WORK REQUEST ▸ Give the listing again, word for word, and let no picture into it.
[GIVEN INFORMATION]
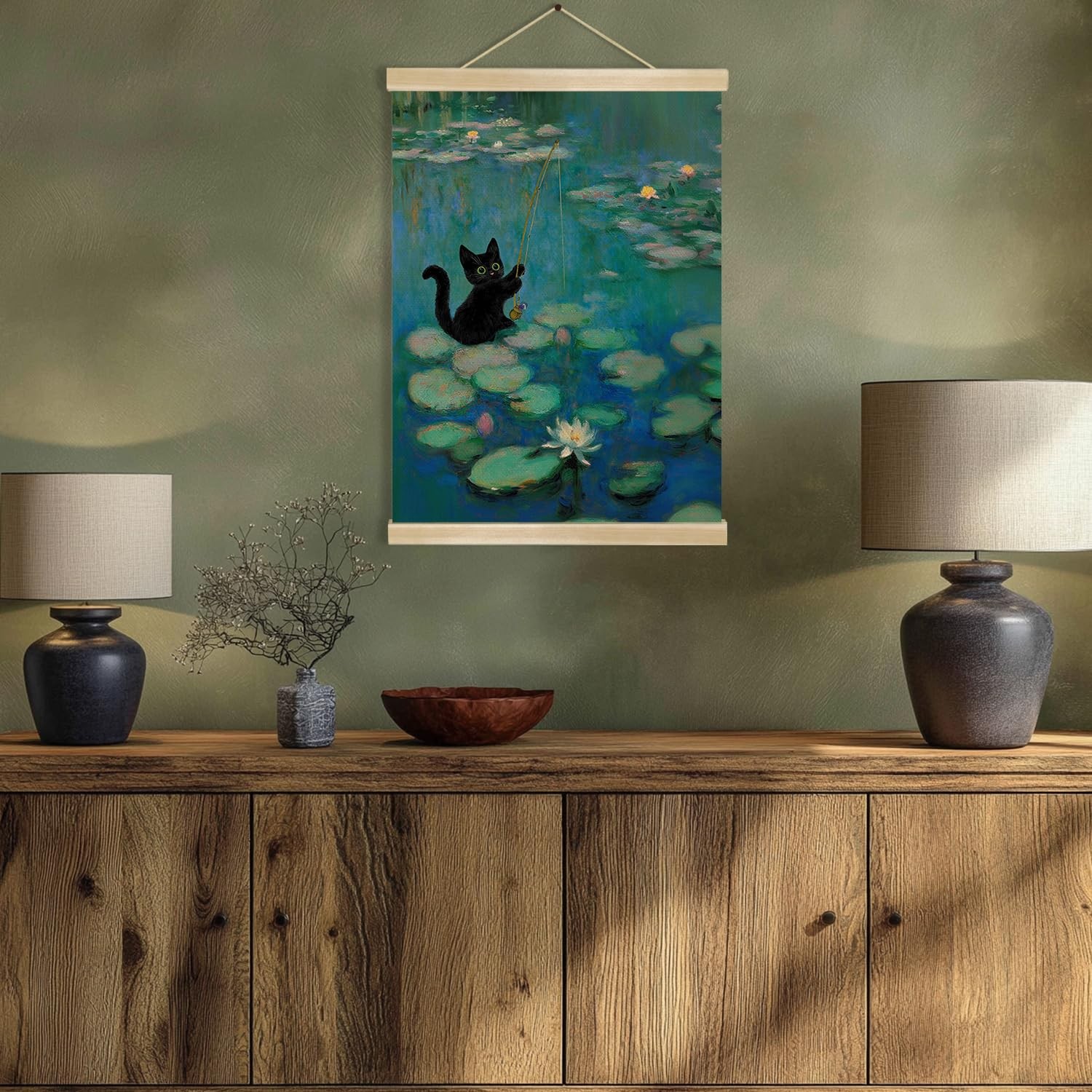 Monet-Inspired Pond Lotus Wall Art,Natural Linen Poster,Fun Lotus and Black C…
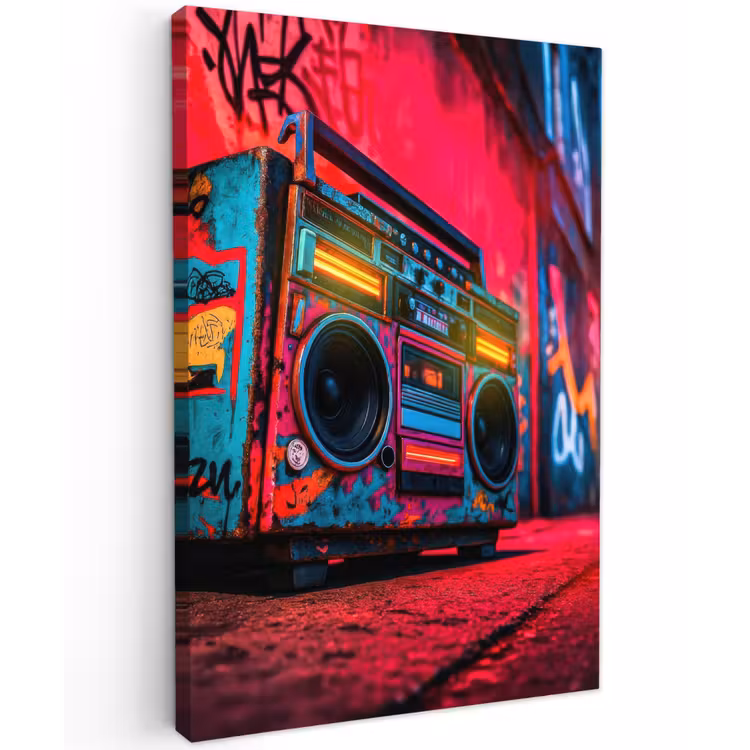 Boombox - Rood - Graffiti - Neon Tuinposter op houten frame 2 cm dik klein -3d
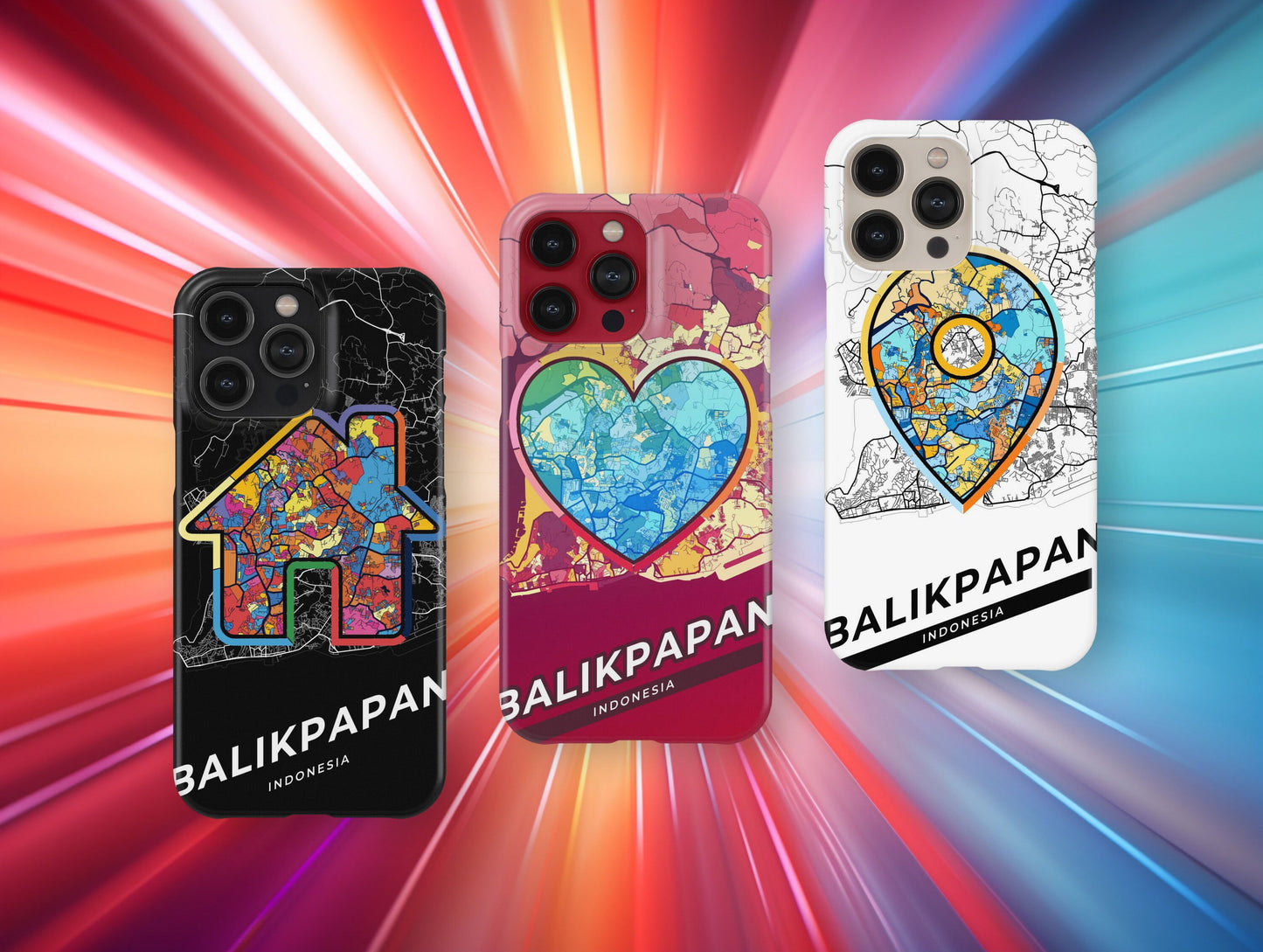 Balikpapan Indonesia slim phone case with colorful icon. Birthday, wedding or housewarming gift. Couple match cases.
[/GIVEN INFORMATION]
SOLUTION FOR THIS TASK ▸
 Monet-Inspired Pond Lotus Wall Art,Natural Linen Poster,Fun Lotus and Black C…
 Boombox - Rood - Graffiti - Neon Tuinposter op houten frame 2 cm dik klein -3d
 Balikpapan Indonesia slim phone case with colorful icon. Birthday, wedding or housewarming gift. Couple match cases.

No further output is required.